Stocks closed broadly higher on Wall Street as investors hope that new talks set for September can result in progress in resolving the U.S.-China trade dispute and more in Thursday’s Stock Market Update.

Technology companies and banks were the biggest winners Thursday. Microsoft rose 1.9% and Wells Fargo added 1.6%

Retailers also did well. Discount store chain Dollar General soared 10.7% after reporting results that were better than analysts were expecting.

Best Buy slumped 8% after the consumer electronics chain lowered its revenue outlook, citing the impact of U.S. tariffs on Chinese imports.

In another sign that investors were feeling more optimistic, demand for U.S. government bonds showed signs of waning after surging in recent weeks amid recession worries.

Even so, long-term bond yields remained below short-term ones, a so-called inversion in the U.S. yield curve that has correctly predicted previous recessions.

Bond prices fell, sending the yield on the 10-year Treasury up to 1.49% from 1.47% late Wednesday. The 2-year Treasury rose to 1.53% from 1.49% the day before. The yield for the 10-year Treasury has been flat or below that of the 2-year this week.

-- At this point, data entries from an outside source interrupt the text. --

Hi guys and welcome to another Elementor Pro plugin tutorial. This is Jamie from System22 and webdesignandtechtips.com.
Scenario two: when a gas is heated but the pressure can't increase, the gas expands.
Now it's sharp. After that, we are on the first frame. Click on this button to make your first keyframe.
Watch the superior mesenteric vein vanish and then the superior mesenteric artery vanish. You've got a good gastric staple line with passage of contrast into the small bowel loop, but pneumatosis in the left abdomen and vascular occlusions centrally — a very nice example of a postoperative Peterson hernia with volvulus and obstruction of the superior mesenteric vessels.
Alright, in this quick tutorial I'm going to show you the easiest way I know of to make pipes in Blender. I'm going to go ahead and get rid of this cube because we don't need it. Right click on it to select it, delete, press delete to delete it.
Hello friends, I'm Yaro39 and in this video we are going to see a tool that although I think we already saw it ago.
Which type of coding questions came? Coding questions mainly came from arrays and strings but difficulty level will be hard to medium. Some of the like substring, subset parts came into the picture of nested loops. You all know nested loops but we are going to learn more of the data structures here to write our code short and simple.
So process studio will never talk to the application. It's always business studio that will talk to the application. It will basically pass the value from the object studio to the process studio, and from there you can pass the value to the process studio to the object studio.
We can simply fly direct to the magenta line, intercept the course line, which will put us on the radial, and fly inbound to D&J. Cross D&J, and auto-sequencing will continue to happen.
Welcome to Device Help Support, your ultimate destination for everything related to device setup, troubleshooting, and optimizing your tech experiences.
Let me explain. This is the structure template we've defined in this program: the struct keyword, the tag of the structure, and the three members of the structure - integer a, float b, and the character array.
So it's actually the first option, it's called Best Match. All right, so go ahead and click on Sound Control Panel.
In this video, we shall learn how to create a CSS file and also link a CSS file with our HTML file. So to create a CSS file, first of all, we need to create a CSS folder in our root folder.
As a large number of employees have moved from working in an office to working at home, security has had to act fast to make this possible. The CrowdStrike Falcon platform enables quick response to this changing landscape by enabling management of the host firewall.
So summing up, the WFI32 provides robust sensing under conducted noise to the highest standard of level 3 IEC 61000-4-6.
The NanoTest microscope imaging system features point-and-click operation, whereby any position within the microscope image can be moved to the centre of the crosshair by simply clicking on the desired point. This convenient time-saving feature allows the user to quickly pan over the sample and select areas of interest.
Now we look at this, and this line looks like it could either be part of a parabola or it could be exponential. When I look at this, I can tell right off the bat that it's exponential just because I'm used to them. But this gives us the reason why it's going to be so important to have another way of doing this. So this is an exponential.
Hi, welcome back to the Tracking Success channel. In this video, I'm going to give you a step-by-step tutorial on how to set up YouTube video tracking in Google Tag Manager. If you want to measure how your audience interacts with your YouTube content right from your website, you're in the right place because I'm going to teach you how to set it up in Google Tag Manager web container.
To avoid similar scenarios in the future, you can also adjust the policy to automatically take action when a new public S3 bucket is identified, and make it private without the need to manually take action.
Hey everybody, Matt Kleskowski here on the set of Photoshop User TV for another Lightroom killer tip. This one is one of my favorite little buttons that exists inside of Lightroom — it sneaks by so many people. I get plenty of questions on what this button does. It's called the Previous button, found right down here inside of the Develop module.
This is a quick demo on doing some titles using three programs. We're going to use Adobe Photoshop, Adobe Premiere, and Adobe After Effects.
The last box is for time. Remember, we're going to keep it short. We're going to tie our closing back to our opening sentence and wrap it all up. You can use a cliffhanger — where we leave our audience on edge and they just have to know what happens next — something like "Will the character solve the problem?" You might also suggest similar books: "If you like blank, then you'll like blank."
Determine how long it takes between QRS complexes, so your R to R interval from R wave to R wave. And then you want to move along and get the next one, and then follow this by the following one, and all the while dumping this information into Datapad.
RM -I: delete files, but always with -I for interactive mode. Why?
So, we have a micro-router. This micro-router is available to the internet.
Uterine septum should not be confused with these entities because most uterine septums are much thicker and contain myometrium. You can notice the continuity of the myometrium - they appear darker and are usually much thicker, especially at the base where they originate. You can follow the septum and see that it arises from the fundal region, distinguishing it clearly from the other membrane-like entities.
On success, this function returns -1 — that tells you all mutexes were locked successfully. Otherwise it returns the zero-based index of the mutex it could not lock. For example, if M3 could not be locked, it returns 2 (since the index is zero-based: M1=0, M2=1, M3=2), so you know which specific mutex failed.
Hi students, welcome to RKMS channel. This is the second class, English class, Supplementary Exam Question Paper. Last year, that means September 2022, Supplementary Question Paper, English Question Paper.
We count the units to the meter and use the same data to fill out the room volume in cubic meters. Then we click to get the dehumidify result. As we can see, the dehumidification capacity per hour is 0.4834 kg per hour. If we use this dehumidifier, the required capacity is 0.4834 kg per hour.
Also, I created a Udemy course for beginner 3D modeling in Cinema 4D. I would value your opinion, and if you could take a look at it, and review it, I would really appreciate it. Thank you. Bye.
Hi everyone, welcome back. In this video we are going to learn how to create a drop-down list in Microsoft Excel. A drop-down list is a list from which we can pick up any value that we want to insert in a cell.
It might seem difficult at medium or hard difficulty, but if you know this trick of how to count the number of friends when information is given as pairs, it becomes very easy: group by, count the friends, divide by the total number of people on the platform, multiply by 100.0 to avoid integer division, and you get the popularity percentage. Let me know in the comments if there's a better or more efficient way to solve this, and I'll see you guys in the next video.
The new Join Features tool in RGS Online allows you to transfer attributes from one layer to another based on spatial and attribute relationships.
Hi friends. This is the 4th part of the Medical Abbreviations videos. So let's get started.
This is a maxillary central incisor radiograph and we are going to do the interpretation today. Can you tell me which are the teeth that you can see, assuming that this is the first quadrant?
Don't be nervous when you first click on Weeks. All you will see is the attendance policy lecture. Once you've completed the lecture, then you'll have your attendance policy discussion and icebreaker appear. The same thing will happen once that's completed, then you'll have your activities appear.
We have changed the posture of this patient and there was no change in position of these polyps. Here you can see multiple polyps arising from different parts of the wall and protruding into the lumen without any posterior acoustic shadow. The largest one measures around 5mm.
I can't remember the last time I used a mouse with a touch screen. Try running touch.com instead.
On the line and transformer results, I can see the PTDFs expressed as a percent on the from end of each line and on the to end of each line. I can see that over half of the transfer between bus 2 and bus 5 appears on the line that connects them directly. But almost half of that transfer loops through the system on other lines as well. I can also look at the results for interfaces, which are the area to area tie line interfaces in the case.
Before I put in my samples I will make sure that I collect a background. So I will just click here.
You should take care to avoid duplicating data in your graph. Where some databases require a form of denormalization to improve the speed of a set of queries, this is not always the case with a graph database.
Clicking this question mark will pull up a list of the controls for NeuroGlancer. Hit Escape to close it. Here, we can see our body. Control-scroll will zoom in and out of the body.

While an inverted yield curve has preceded every U.S. recession, it is not a signal that one is imminent. It has taken 14 to 34 months for past recessions to begin following a yield curve inversion.

Uncertainty over the U.S.-China trade conflict and it impact on corporate profits has rattled investors this month.

The market is on track to end the week with a gain after having declined the past four weeks in a row. The major indexes have stemmed those losses this week, but are still down just under 2% as the month draws to a close. If those losses hold, August would be the second monthly drop for the market this year after May.


KEEPING SCORE: The S&P 500 rose 36 points, or 1.3%, to 2,924. The Dow Jones Industrial Average added 326, or 1.3%, to 26,362. The Nasdaq climbed 116, or 1.5%, to 7,973.

Investors favored smaller company stocks for the second straight day. The Russell 2000 index was up 1.6%.

Major stock indexes in Europe closed broadly higher.

ANALYST’S TAKE: Investors are hoping that the U.S. and China renew trade talks next month, having determined that the dispute is what’s causing the global economy to teeter on the brink of recession, said Sam Stovall, chief investment strategist at CFRA.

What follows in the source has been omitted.